Return the listing exactly. Keep no pictures.

## [Data shown]
________________________________________

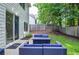 Comfortable patio with modern blue outdoor furniture and view of backyard at 521 Mirramont Pl, Woodstock, GA 30189
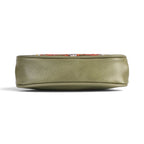 The Happy Shoe Shop Vendula London flower shop coin purse in olive green vegan leather, viewed from the side.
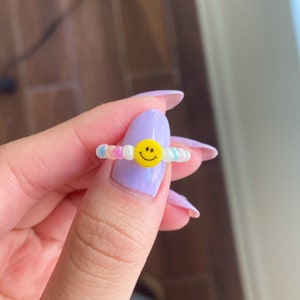 May include: A beaded ring with a yellow smiley face charm. The beads are iridescent and come in shades of pink, blue, and white.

________________________________________

## [Task response]
 Comfortable patio with modern blue outdoor furniture and view of backyard at 521 Mirramont Pl, Woodstock, GA 30189
 The Happy Shoe Shop Vendula London flower shop coin purse in olive green vegan leather, viewed from the side.
 May include: A beaded ring with a yellow smiley face charm. The beads are iridescent and come in shades of pink, blue, and white.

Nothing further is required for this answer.